Ruben, vous êtes une lumière sur les bancs souvent sombres de nos difficultés. Votre engagement, votre audace, votre persévérance résonnent comme un exemple. Ce que vous faites avec ETECH n’est pas juste un projet : c’est un legs, une main tendue, une voix qui dit que le possible existe, même en surmontant l’adversité.
Que cette reconnaissance que vous recevez soit le début de beaucoup d’autres. Que votre œuvre force l’admiration, la générosité, la solidarité. Que davantage de jeunes choisissent les métiers techniques non pas faute d’option, mais parce qu’ils y voient une voie d’honneur, une voie de confiance.
En hommage à ceux qui étaient là : valeur d’une valeur.
À Jean-Robert Argant, Romanes Samedi, Ernest Camille, et tous ceux qui ont accepté l’honneur : merci. Vous avez compris ce que peu comprennent, que l’honneur ne se gagne pas seulement sous les acclamations, mais dans l’essentiel. Vous avez prouvé que, quand on aime sa communauté, on répond présent. Vous avez donné à voir que la présence, le soutien, la dignité sont liés.
Dans un pays où trop souvent on attend le regard extérieur pour confirmer la valeur, Ruben Sanon et ETECH rappellent que le regard le plus important est souvent le nôtre : celui de notre famille, de notre communauté, de notre peuple.

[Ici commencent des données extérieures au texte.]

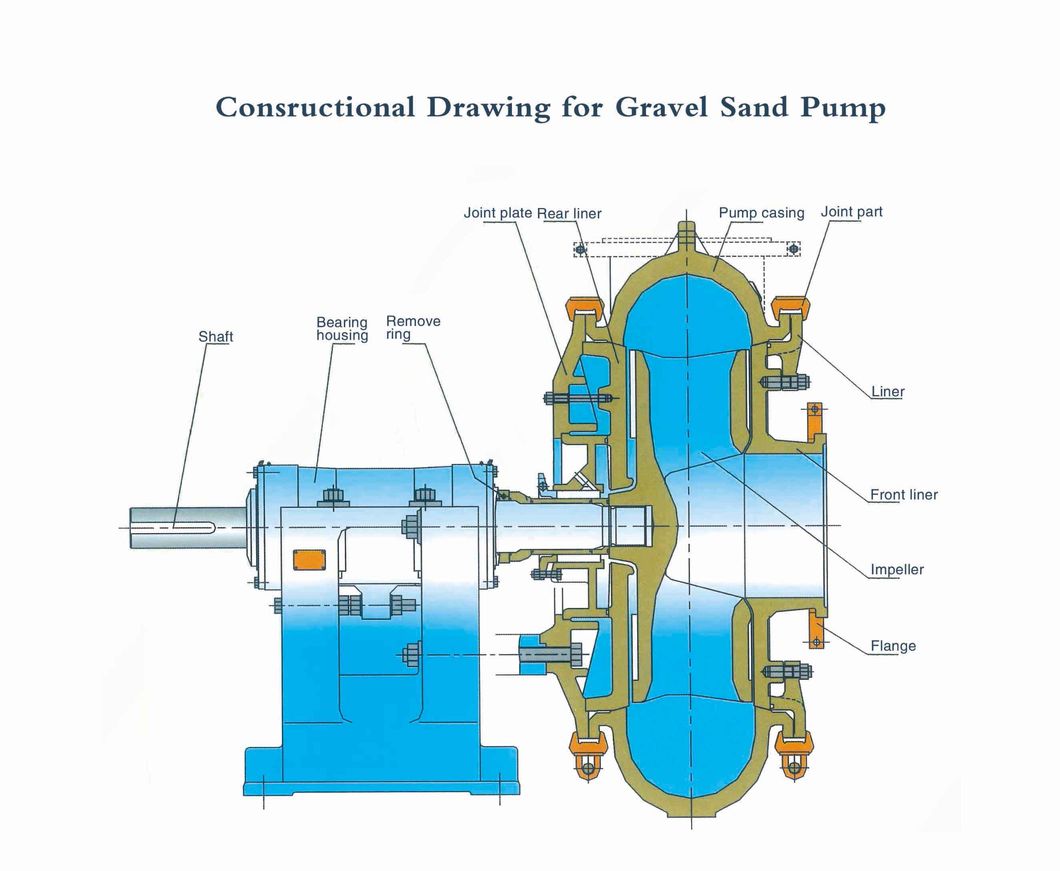 8/6e-G Dredging Sand Pump Dredging Pumps Dredge Pump River Sand Suction Pump Slurry Pump Sludge Pump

Que chacun de nous soit ce pont fier, ce spectateur attentif, ce défenseur du local. Que chacun de nous apprenne à voir, applaudir, encourager, reconnaître. Car c’est dans ces gestes modestes, mais constants, que se forge un avenir digne.
Ralf Dieudonné JN MARY
Auteur, conférencier, mentor et enseignant Haïtien.